At first Israel was chosen by God, not for its own sake, but that it might bring before all people the revelation of the love of God, especially as shown in the person of his divine Son. We too have been chosen and commissioned, to “go out and bear fruit, fruit that will last” (Jn 15:16). Each of us can truly say: God’s love brought me into being, it sustains me, it will never let me down. God is concerned about me. He reads my thoughts, my emotions, my desires. He knows my joys, my sorrows, my weaknesses, my strengths. He is close to me in times of laughter or of tears, in illness or in health.
I am quite incapable of loving myself to the same degree that God loves me. God is even closer to me than I am to myself. Through the prophet Isaiah (49:16) God addresses to me the consoling words, “See upon the palm of my hand I have written your name.” Indeed, in the person of Jesus, God, as it were, reaches out to us with two hands – the one extended in forgiveness which saves us from being engulfed here and now in our evil ways, the other casting a ray of light beyond the portals of death, reminding us that as God raised Christ from the. dead, so he will redeem us too, when we have completed our earthly existence. That we are able to grasp those hands of God extended to us, that we are able to cling to them steadfastly, is more a gift of God’s grace that our own accomplishment. No amount of self-pruning, of teeth-gritting human striving, will bring us any closer to God.

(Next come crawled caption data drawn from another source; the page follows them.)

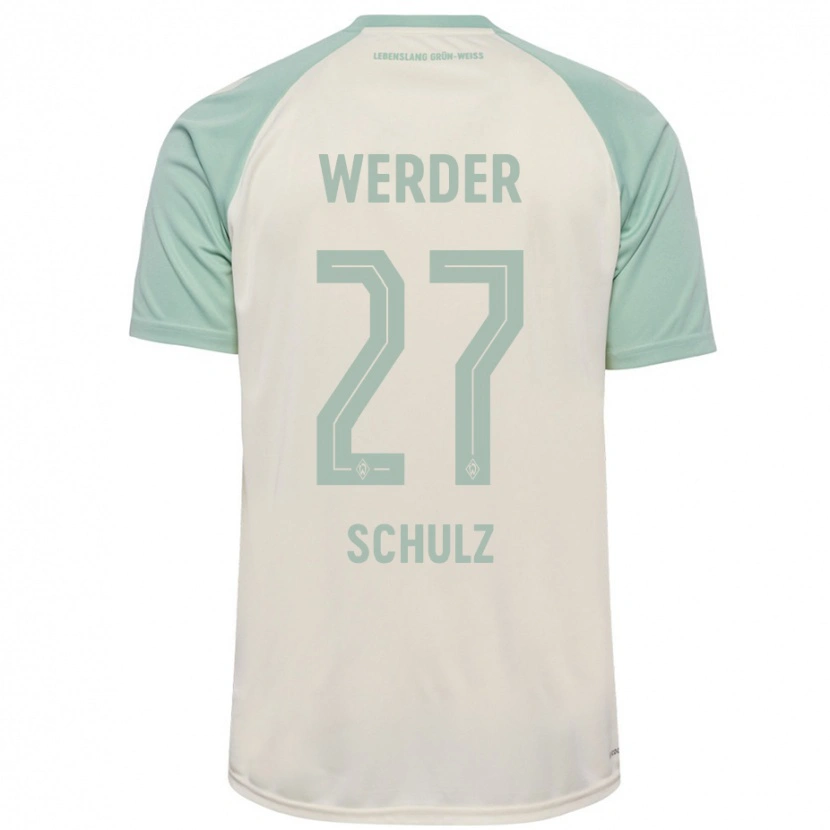 Danxen Kinder Ole Schulz #27 Cremeweiß Hellgrün Auswärtstrikot Trikot 2024/25 T-Shirt Schweiz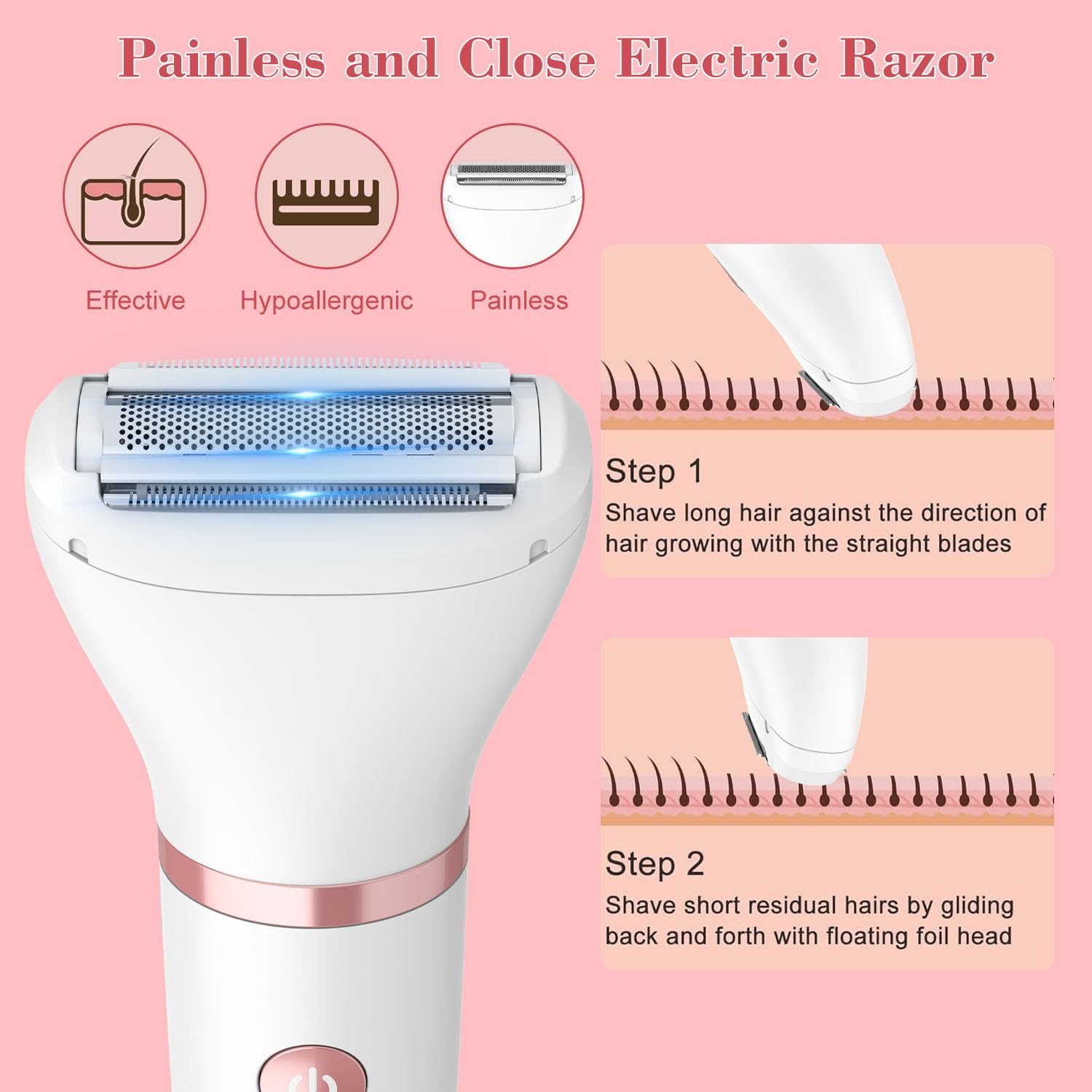 3-in-1 Electric Razor IPX7 Waterproof Bikini Trimmer Wet & Dry Use Painless Personal Trimmer Groomer for Ladies Face Body Legs Bikini Public Hairs Electric Lady Shaver with Replaceable Heads - Image 5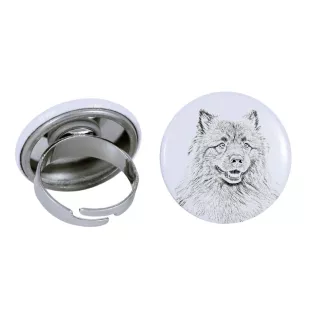 Keeshond, Dutch Barge Dog, Smiling Dutchman, - women's jewelry with a dog portrait, handmade product, possibility to add your own photo, Art-Dog brand
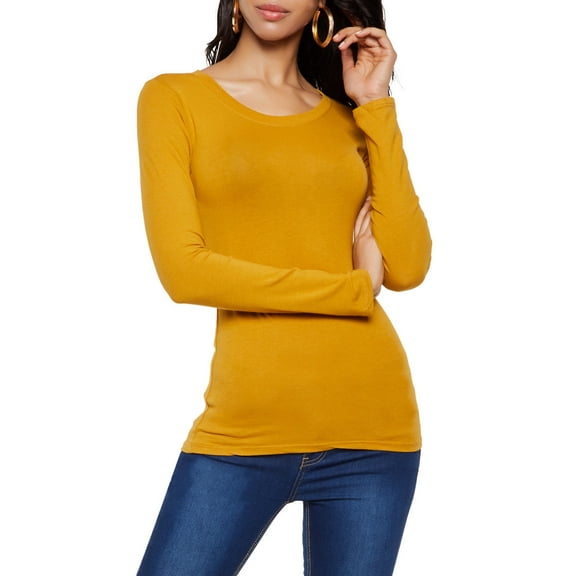 Womens Long Sleeve Crew Neck Tee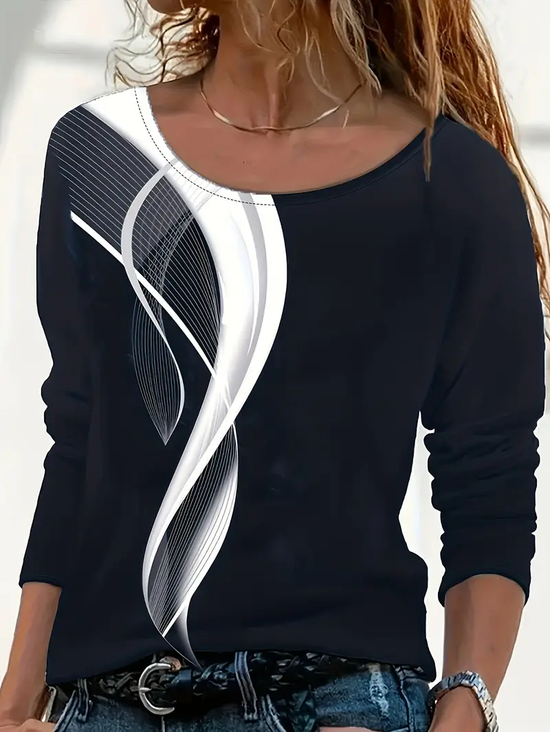 Women Abstract Long Sleeve Tee T-shirt Crew Neck Printing Casual Spring/Fall Graphic Tee Top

But if we try and go through life in the steady conviction that God’s loving care is drawing us, watching over us, then we will cease to worry about our own happiness, about what we even regard as perfection, what we would like ourselves to be when we come before God. Strange as it may seem, faith in God’s love for us frees us from all kinds of inner striving and pressure, and yet at the same time brings us to a closer and more complete commitment to God. If, day after day, we know ourselves as loved by God, then all that will matter will be his love, his will, God himself.
“There are three things that last,” St Paul tells us, “faith, hope and love; and the greatest of these is love” (1 Cor 13:13). For coming into the presence of God, faith will give way to vision, hope will be replaced by attainment, but love will continue to be bestowed and cherished for all eternity.